J'avais déjà vu la pièce au théâtre, ai pu apprécier une ou deux versions filmées, mais parfois, malgré tout, on se sent le besoin de se réapproprier ses classiques. C'est pourquoi je résiste rarement à un Molière ou un Shakespeare, même si j'aime bien l'effervescence de la création théâtrale.
Que dire de cette nouvelle production de Hamlet, mise en scène par Marc Béland qui, lui-même, avait offert il y a 20 ans déjà une interprétation renversante du jeune prince du Danemark? Benoît McGinnis y campe un Hamlet multiple, au début presque détaché, qui devient de plus en plus troublé - et troublant -, invitant le spectateur à basculer avec lui du côté de la folie assumée (bien plus qu'Émilie Bibeau, entièrement désincarnée en Ophélie, qui a tout de même réussi à offrir une dernière scène d'une belle intensité, tantôt dite, tantôt chantée, un choix astucieux ici).

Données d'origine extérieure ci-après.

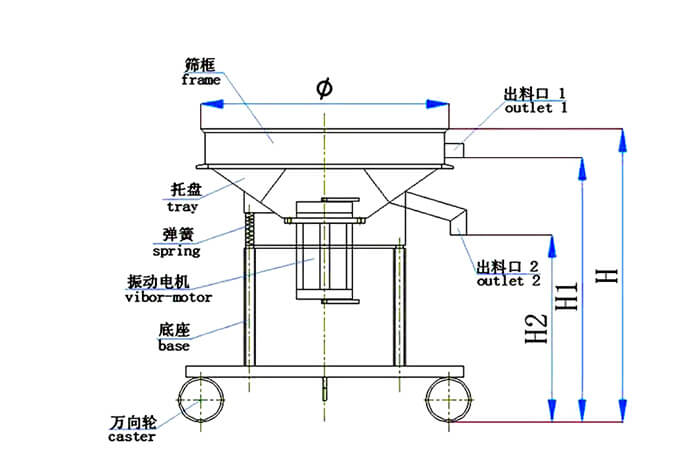 高頻篩結(jié)構(gòu)：托盤，彈簧，振動(dòng)電機(jī)，底座，萬(wàn)向輪，出料口等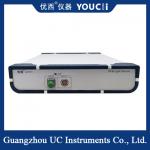 Distributed Feedback Multichannel DFB Laser Source 405nm 1604nm for sale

Si la distribution se veut exemplaire (on peut difficilement trouver plus désagréable qu'Alain Zouvi en Claudius ou plus délicieusement verbeux que Jean Marchand en Polonius), je retiendrai essentiellement de cette production le travail sur la langue du traducteur - et dramaturge - Jean Marc Dalpé. Ce dernier réussit à créer l'illusion, sans aucunement dénaturer le texte de Shakespeare ou en occulter la charge poétique, que le texte a été écrit l'année dernière, tout en tenant compte des contraintes du texte original (certains passages en prose, d'autres en vers non rimés, ceux dits par la troupe de comédiens invitée au royaume en vers rimés) et en refusant de « fixer » la traduction dans une finalité. « Comme la langue de Shakespeare était immédiatement saisissable pour ses contemporains, notre traduction visera la même qualité, tout en respectant les images poétiques de l'auteur », explique-t-il d'ailleurs en entrevue, soulignant qu'il a ici réalisé une traduction de Hamlet, adaptée à cette production spécifique, et non l'ultime traduction.
Je m'en voudrais de ne pas mentionner l'astucieuse scénographie de Richard Lacroix, scène ouverte qui permet d'étonnantes superpositions de volumes et découpages d'espace, et les éclairages absolument saisissants de Martin Labrecque, qui continueront de me hanter.
(Jusqu'au 6 avril, au TNM)
2 commentaires:
J'ai failli aller à Montréal pour voir ça... Je résiste rarement à Hamlet, en fait ;) Mais bon, des fois, habiter le bout du monde... c'est heu... contraignant!
Des fois, ils refont certaines pièces en tournée, mais généralement des productions moins imposantes. Une production passablement meilleure que la dernière montée par le TNM, je dois dire!